Quando a Souq começou, a ideia era ter objetos importados com “com boa relação custo/benefício, alto valor percebido e ótima margem”. Mas, com o tempo, a ideia de mercado em que se “reúne de coruja de resina colorida a vaso de prata” não configurava uma marca. O vestuário, então, foi ganhando espaço. “Desde o início tínhamos kaftans que era um grande sucesso de vendas. Eram 17 modelos que representavam 10% das vendas na época”, diz Traudi. Hoje a moda Souq “90% feita no Brasil”, responde por 75% do faturamento da marca. “Nos reduzimos a parte de objetos de forma que eles conversem com a moda”, diz o CEO.
Os Guida investiram em lojas maiores, com mais espaço para exposição das roupas e provadores. Assim, foram fechadas unidades “que não estavam maduras” e outras foram ampliadas. O fechamento de lojas ocorreu após uma forte expansão em 2019, quando a Souq pulou de 19 para 30 lojas, sendo 10 delas abertas só no segundo semestre daquele ano. Hoje a Souq tem 25 lojas.
Com a pandemia de covid-19, as lojas mais recentes “sofreram, até porque com o aumento do IGPM o custo de loja subiu 100% no período. Então, resolvemos fechar sete unidades e focamos nas de melhor resultado”.
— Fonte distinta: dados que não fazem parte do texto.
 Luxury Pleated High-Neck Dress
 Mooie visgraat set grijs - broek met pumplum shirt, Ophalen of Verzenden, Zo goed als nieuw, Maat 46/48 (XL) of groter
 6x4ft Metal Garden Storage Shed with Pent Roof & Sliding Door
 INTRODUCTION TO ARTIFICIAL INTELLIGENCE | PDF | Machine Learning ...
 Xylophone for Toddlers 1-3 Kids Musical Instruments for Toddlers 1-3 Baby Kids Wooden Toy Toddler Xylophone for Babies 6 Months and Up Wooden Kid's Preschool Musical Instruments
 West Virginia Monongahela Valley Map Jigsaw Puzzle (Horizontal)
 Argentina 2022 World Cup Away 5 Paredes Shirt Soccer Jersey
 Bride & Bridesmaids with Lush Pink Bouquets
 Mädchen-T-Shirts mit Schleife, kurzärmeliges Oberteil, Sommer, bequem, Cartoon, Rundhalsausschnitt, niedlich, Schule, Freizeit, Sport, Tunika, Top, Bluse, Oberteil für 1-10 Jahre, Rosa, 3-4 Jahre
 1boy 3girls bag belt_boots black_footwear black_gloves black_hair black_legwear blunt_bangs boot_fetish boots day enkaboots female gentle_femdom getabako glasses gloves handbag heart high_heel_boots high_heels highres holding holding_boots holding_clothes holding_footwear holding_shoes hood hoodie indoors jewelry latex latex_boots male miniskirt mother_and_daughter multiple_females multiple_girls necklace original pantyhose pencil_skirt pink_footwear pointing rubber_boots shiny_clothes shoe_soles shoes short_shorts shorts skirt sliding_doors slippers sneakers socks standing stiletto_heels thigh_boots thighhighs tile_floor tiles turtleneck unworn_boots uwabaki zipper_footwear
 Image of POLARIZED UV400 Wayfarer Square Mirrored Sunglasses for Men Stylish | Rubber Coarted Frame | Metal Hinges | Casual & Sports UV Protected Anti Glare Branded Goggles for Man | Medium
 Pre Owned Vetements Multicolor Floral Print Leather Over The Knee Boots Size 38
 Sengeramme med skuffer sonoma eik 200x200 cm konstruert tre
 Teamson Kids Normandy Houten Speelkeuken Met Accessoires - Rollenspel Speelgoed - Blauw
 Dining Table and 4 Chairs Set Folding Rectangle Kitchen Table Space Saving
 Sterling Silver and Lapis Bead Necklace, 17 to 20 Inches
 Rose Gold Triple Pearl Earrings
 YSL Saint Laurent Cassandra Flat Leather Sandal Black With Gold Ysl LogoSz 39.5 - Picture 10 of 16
Assim, nove lojas pularam de 130 m² para 200 m², além da abertura da primeira loja de rua, que ocupa um casarão dos anos 20 nos Jardins, em São Paulo. “Assim, mesmo com menos lojas, crescemos nossa área de venda em 25%.” As lojas de Fortaleza, Belo Horizonte e Curitiba aumentaram seu faturamento em 100% com o modelo “Big Souq”, diz Bento.
Abrir a loja-conceito na rua, diz Traudi, reduz a dependência de shopping. Há uma outra unidade de rua em Moema, e mais duas em negociação. Mas, pondera Bento, “a maioria de nossas unidades está em shoppings, que trazem um fluxo constante de público.”
A Souq foi se desenhando como uma marca de “lifestyle” que Traudi e Bento definem como “uma manhã ensolarada de domingo, quando se pensa na mesa bonita para o almoço da família e roupas confortáveis e arrumadas para curtir o dia”. De forma geral, atende a mulheres a partir dos 40 anos.
A marca Ida foi desenvolvida com “preocupação de gerar menos impacto na cadeia produtiva e assim, atender um outro público, alinhado com estes valores.” Antes da IDA, os Guida não prestavam atenção em certificação de matéria-prima, por exemplo.
“Moda é comportamento. Na época da Le Lis era tudo mais engessado, a gente tinha de seguir as tendências lá de fora. Precisamos fazer roupas de qualidade para durar, porque a indústria da moda é uma das maiores poluidoras do planeta”, diz Traudi. Luxo hoje, aos 77 anos, é tirar 30 dias de férias e chegar ao trabalho às 11h, depois de décadas sem saber o que era o fim de semana.